▶ _INPUT DATA_:

┄┄┄┄┄┄

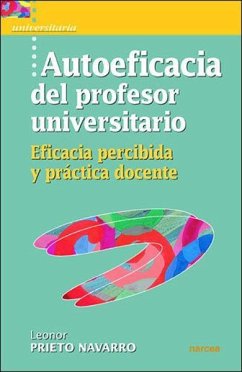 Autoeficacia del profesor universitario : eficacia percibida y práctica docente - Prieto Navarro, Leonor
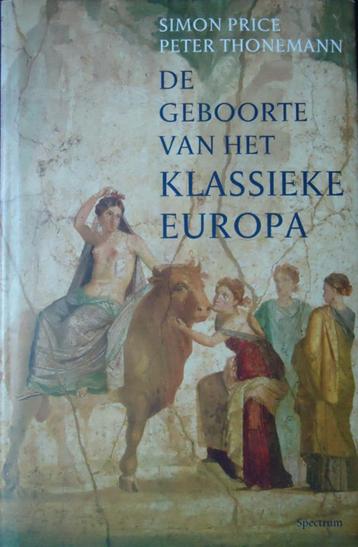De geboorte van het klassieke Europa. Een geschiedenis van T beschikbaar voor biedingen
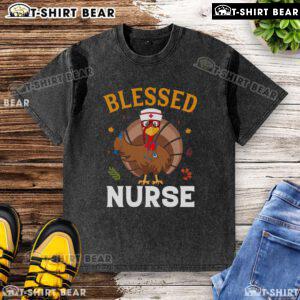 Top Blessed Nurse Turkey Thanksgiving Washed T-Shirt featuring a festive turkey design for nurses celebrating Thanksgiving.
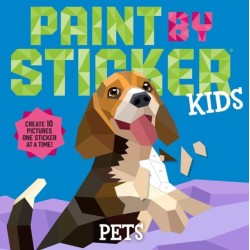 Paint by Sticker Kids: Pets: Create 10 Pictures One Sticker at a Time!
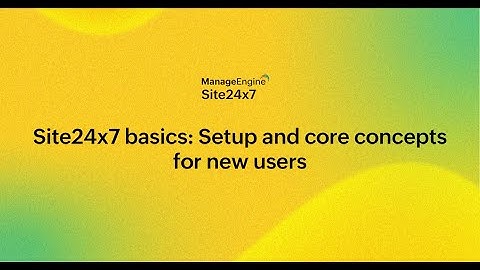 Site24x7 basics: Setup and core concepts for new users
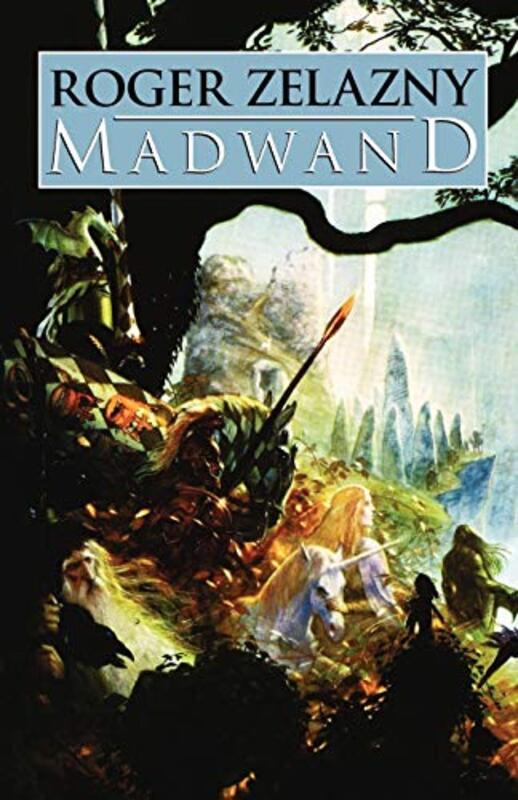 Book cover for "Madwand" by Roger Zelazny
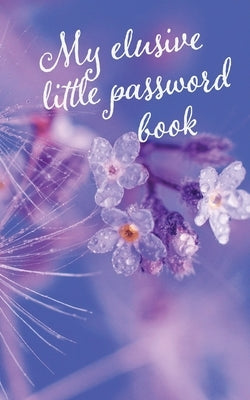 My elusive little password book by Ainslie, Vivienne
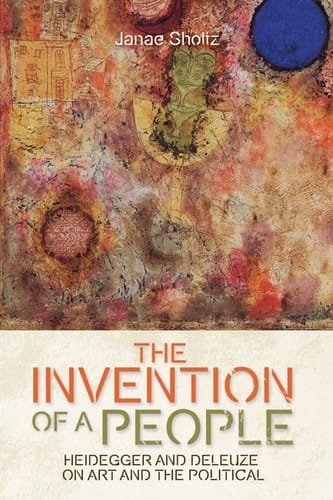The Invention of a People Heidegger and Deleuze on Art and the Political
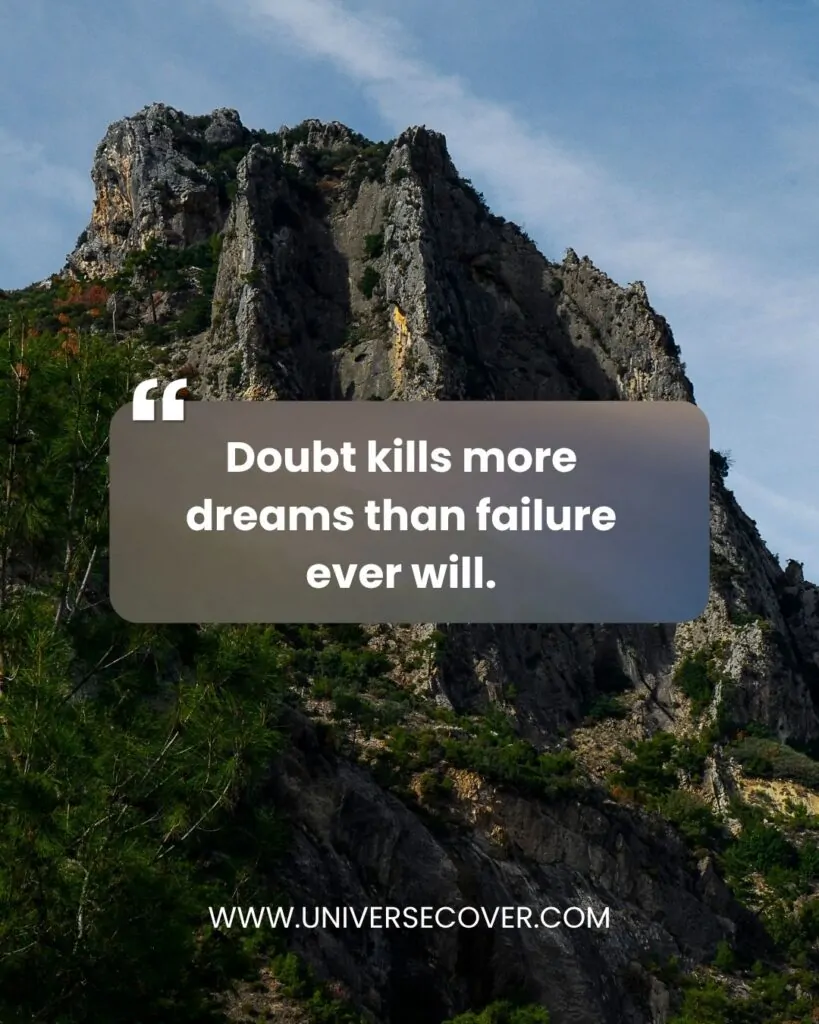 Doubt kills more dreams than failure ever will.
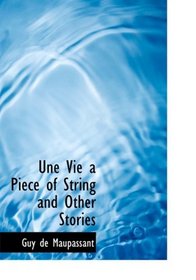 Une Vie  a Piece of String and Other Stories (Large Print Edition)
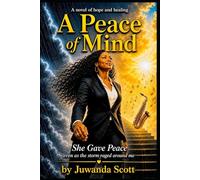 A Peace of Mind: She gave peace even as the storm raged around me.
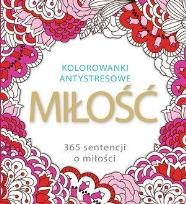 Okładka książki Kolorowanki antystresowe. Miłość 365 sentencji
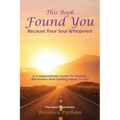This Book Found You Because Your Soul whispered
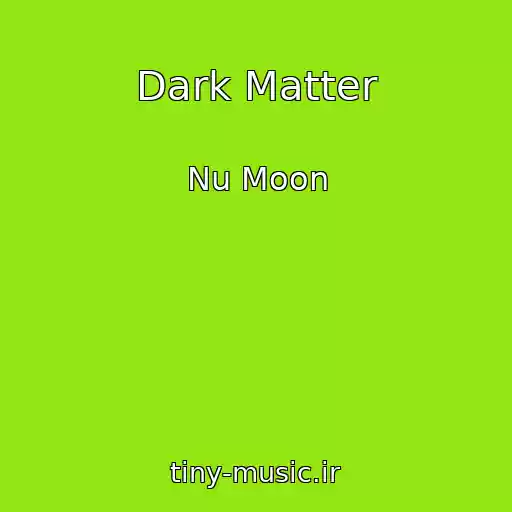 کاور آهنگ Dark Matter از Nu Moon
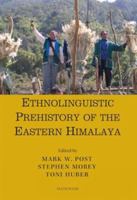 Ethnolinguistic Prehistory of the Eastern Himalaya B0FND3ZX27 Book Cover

┄┄┄┄┄┄

▶ _TASK DIRECTIONS_:
Exactly the lines from the line with "کاور آهنگ Dark Matter از Nu Moon" through the end of the data are to be reproduced, and no picture is to be included.

▶ _SOLUTION TO THIS EXERCISE_:
 کاور آهنگ Dark Matter از Nu Moon
 Ethnolinguistic Prehistory of the Eastern Himalaya B0FND3ZX27 Book Cover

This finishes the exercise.